It's very annoying to have this limitation on my development box, when there won't ever be any users other than me.

I'm aware of the standard workarounds, but none of them do exactly what I want:

  1. authbind (The version in Debian testing, 1.0, only supports IPv4)
  2. Using the iptables REDIRECT target to redirect a low port to a high port (the "nat" table is not yet implemented for ip6tables, the IPv6 version of iptables)
  3. sudo (Running as root is what I'm trying to avoid)
  4. SELinux (or similar). (This is just my dev box, I don't want to introduce a lot of extra complexity.)

So is there some simple sysctl variable for this, or am I just out of luck?

EDIT: In some cases, you can use capabilities to do this.

+11  A: 

The standard way is to make them "setuid" so that they start up as root, and then they throw away that root privilege as soon as they've bound to the port but before they start accepting connections to it. You can see good examples of that in the source code for Apache and INN. I'm told that Lighttpd is another good example.

Another example is Postfix, which uses multiple daemons that communicate through pipes, and only one or two of them (which do very little except accept or emit bytes) run as root and the rest run at a lower privilege.

Paul Tomblin
A: 

Or patch your kernel and remove the check.

(Option of last resort, not recommended).

Joshua
A Very Bad Idea for a multitude of reasons.
Adam Lassek
+2  A: 

Linux supports capabilities to support more fine-grained permissions than just "this application is run as root". One of those capabilities is CAP_NET_BIND_SERVICE which is about binding to a privileged port (<1024).
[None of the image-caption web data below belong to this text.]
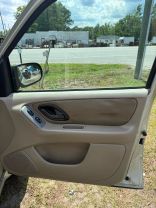 2004 FORD ESCAPE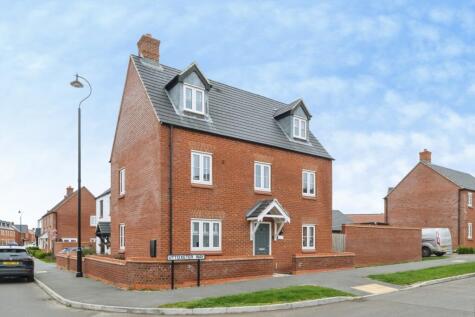 Uttoxeter Way, Towcester, Northamptonshire, NN12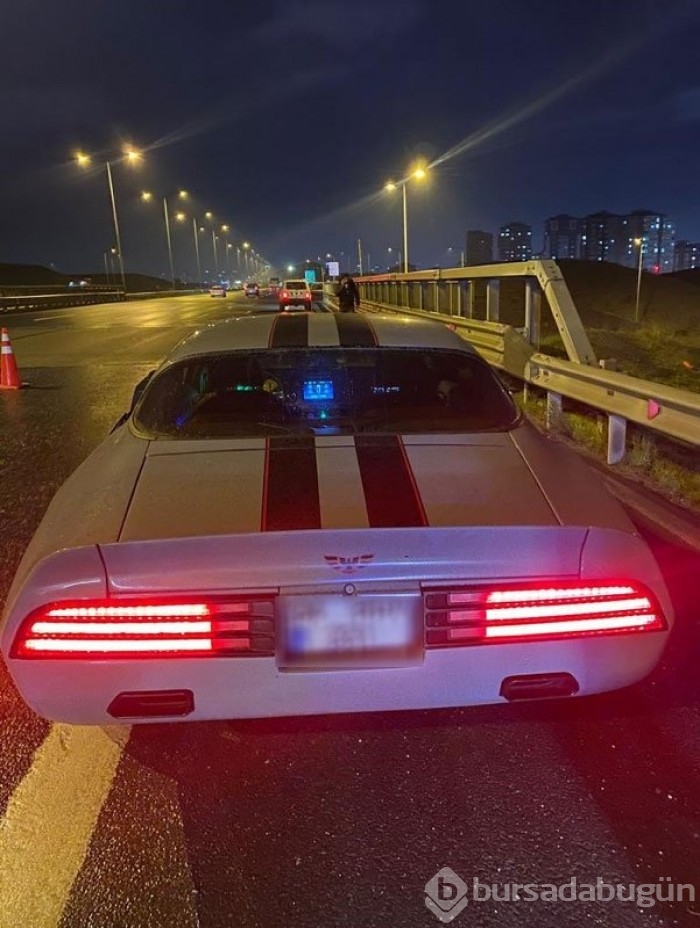 Hakan Ünsal klasik otomobiliyle kaza yaptı!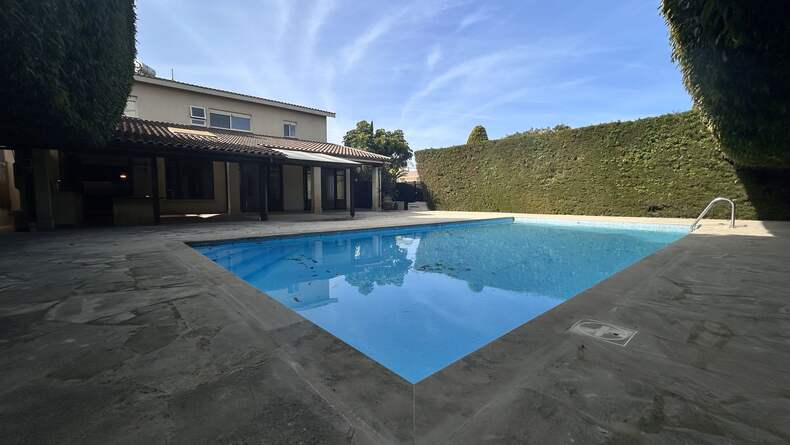 5 Bedrooms House / Villa in Kapsalos, Limassol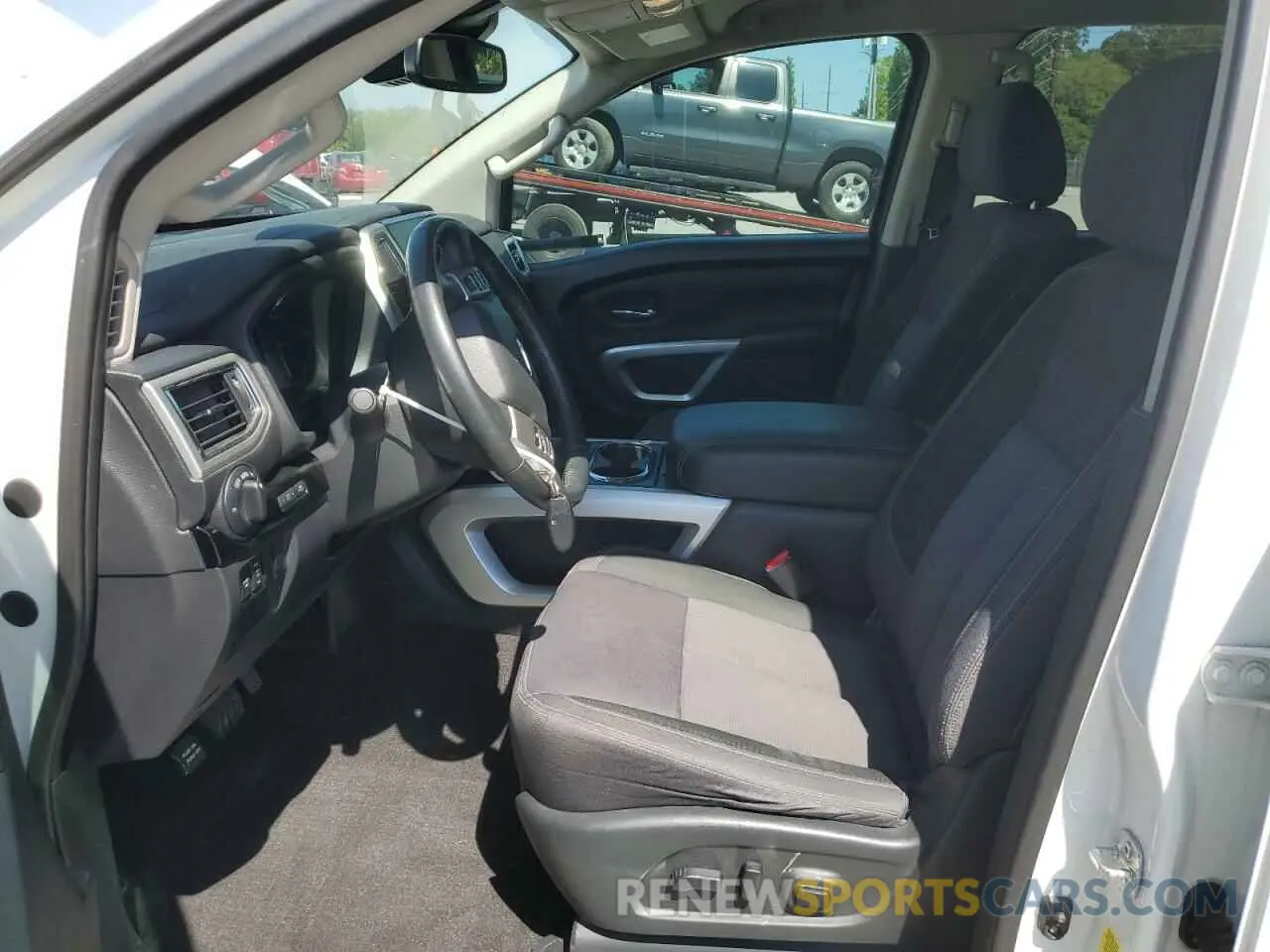 7 Photograph of a damaged car 1N6AA1EDXMN527522 NISSAN TITAN 2021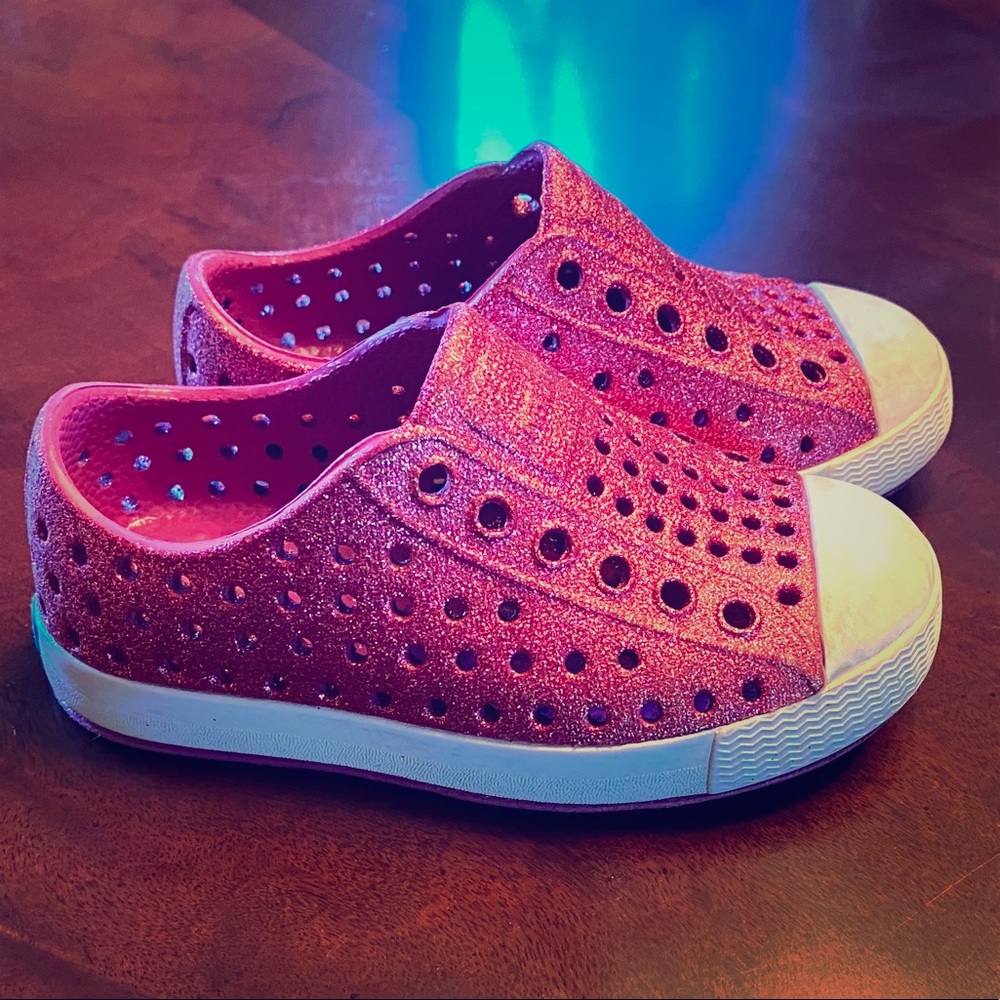 Toddler size 6 pink sparkle Native shoes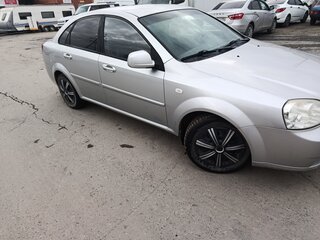 2011 Chevrolet Lacetti I, серебристый, 440000 рублей, вид 4
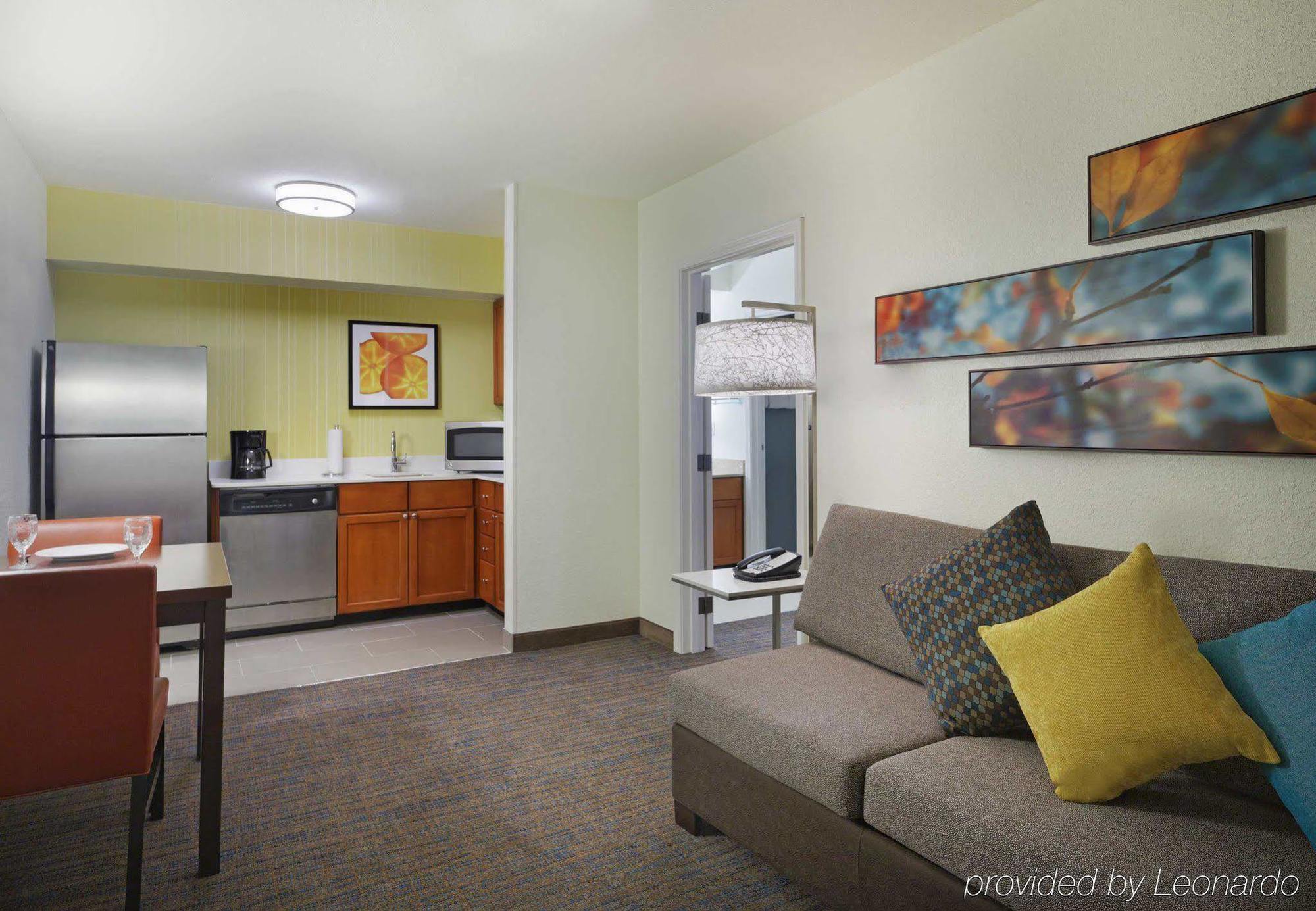 Residence Inn Houston By The Galleria Екстериор снимка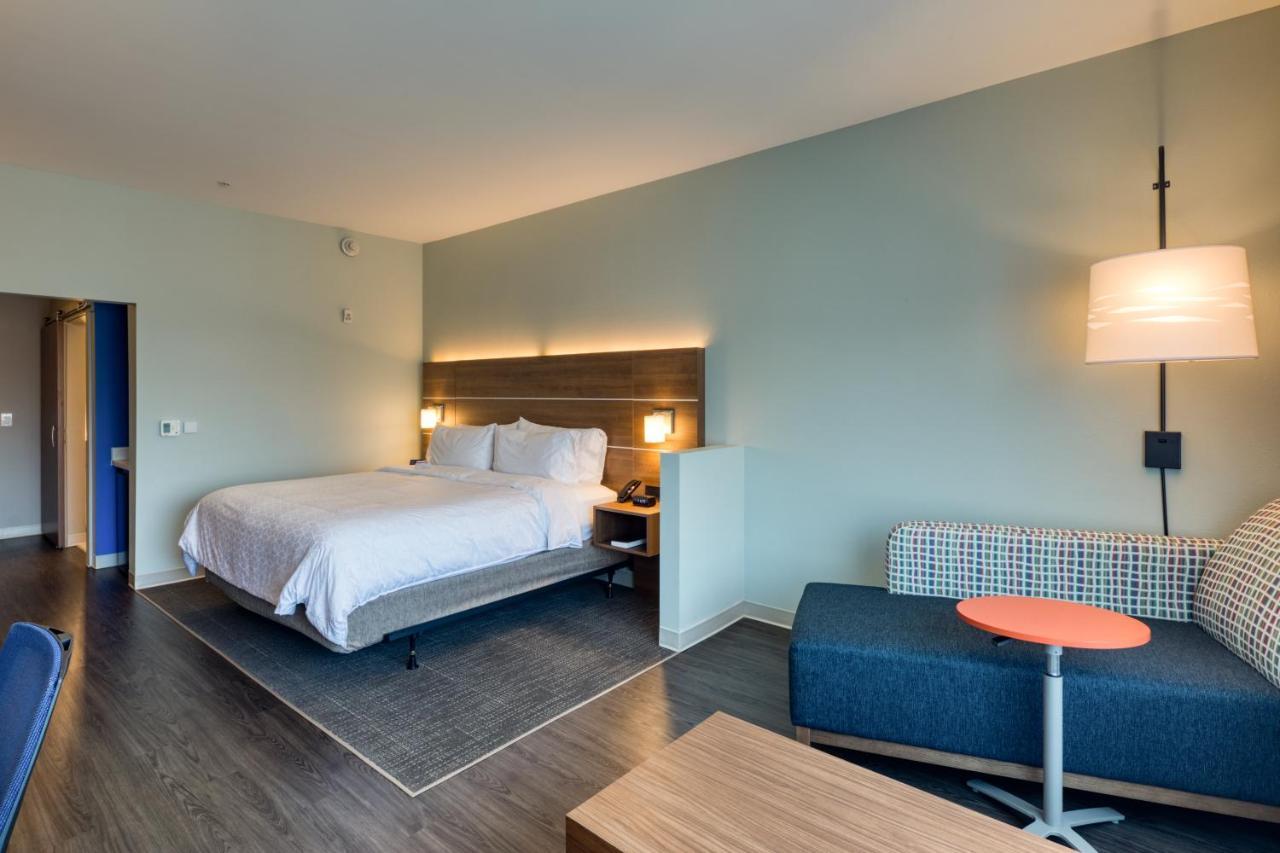 Holiday Inn Express & Suites - Charlotte - South End By Ihg Εξωτερικό φωτογραφία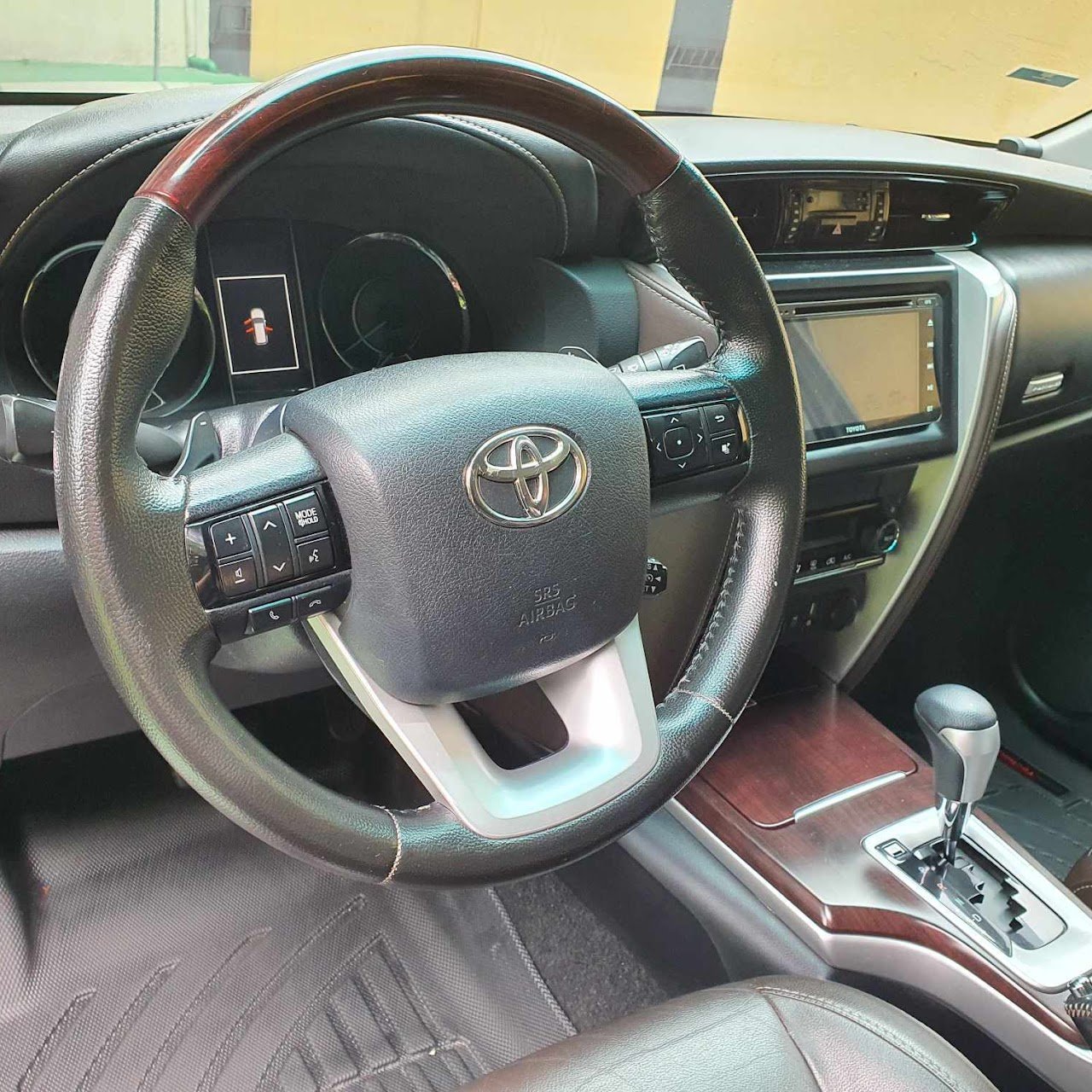 2016 Toyota Fortuner V 4x4 AT Diesel - Image 5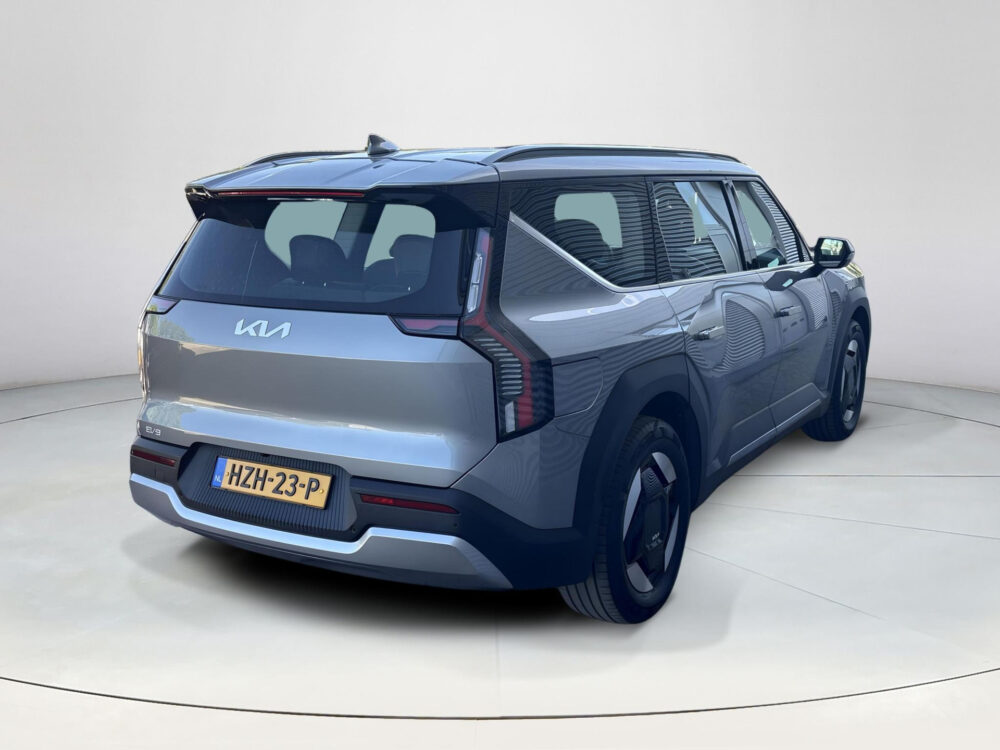 Kia EV9 First Edition 76.1 kWh |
Unfortunately I don't know how to exploit that to run an application as non-root while still giving it CAP_NET_BIND_SERVICE (probably using setcap, but there's bound to be an existing solution for this).

Joachim Sauer
+17  A: 

Okay, thanks to the people who pointed out the capabilities system and CAP_NET_BIND_SERVICE capability. If you have a recent kernel, it is indeed possible to use this to start a service as non-root but bind low ports. The short answer is that you do:

setcap 'cap_net_bind_service=+ep' /path/to/program

And then anytime program is executed thereafter it will have the CAP_NET_BIND_SERVICE capability. setcap is in the debian package libcap2-bin.

Now for the caveats:

  1. You will need at least a 2.6.24 kernel
  2. This won't work if your file is a script. (ie, uses a #! line to launch an interpreter). In this case, as far I as understand, you'd have to apply the capability to the interpreter executable itself, which of course is a security nightmare, since any program using that interpreter will have the capability. I wasn't able to find any clean, easy way to work around this problem.

Resources:

Jason Creighton
I think you should add a bit of discussion of the setuid and inetd/xinetd options, and make this the accepted answer.
Paul Tomblin
As for #2, I did find a way to deal with it. The interperter is a CAP-loader that is suid-root and interprets the CAP-flags on its target file. Clean, effective, but hard.
Joshua
Partial workaround for scripts: create a copy of the interpreter (e.g. bash), give it the capablities but restrict access to the copy to those users who need it. Of course, those users must be trusted, but they could change the script anyway.
ammoQ
Aside from the aforementioned debian (binary) package, the developer's site is http://www.friedhoff.org/posixfilecaps.html associated papers/presentations/etc...
RandomNickName42
+4  A: 

Two other simple possibilities:

There is an old (unfashionable) solution to the "a daemon that binds on a low port and hands control to your daemon". It's called inetd (or xinetd). The cons are:

  • your daemon needs to talk on stdin/stdout (if you don't control the daemon -- if you don't have the source -- then this is perhaps a showstopper, although some services may have an inetd-compatibility flag)
  • a new daemon process is forked for every connection
  • it's one extra link in the chain

Pros:

  • available on any old UNIX
  • once your sysadmin has set up the config, you're good to go about your development (when you re-build your daemon, might you lose setcap capabilities? And then you'll have to go back to your admin "please sir...")
  • daemon doesn't have to worry about that networking stuff, just has to talk on stdin/stdout
  • can configure to execute your daemon as a non-root user, as requested

Another alternative: a hacked-up proxy (netcat or even something more robust) from the privileged port to some arbitrary high-numbered port where you can run your target daemon. (Netcat is obviously not a production solution, but "just my dev box", right?). This way you could continue to use a network-capable version of your server, would only need root/sudo to start proxy (at boot), wouldn't be relying on complex/potentially fragile capabilities.

Martin Carpenter
Good suggestion. For some reason I didn't even think of using inetd. Except that the service in question is UDP-based, so it's slightly more complicated than TCP services. I have a solution working right now with setcap, but I'll have to give this some thought.
Jason Creighton
A: 

tried to use setcap for java executable (Ubuntu Jaunty 9.04 kernel 2.6.28-11-generic). After setting capability on java executable (does nto work on symbolic links, only on real binary) started java process, but it failed with the following error:

/usr/bin/java: error while loading shared libraries: libjli.so: cannot open shared object file: No such file or directory

With sudo java process works just fine. To see what gives I ran java process with strace to see the difference between sudo and plain case. Here is the difference I located:

without sudo: open("$ORIGIN/../jre/lib/i386/jli/libjli.so", O_RDONLY) = -1 ENOENT (No such file or directory)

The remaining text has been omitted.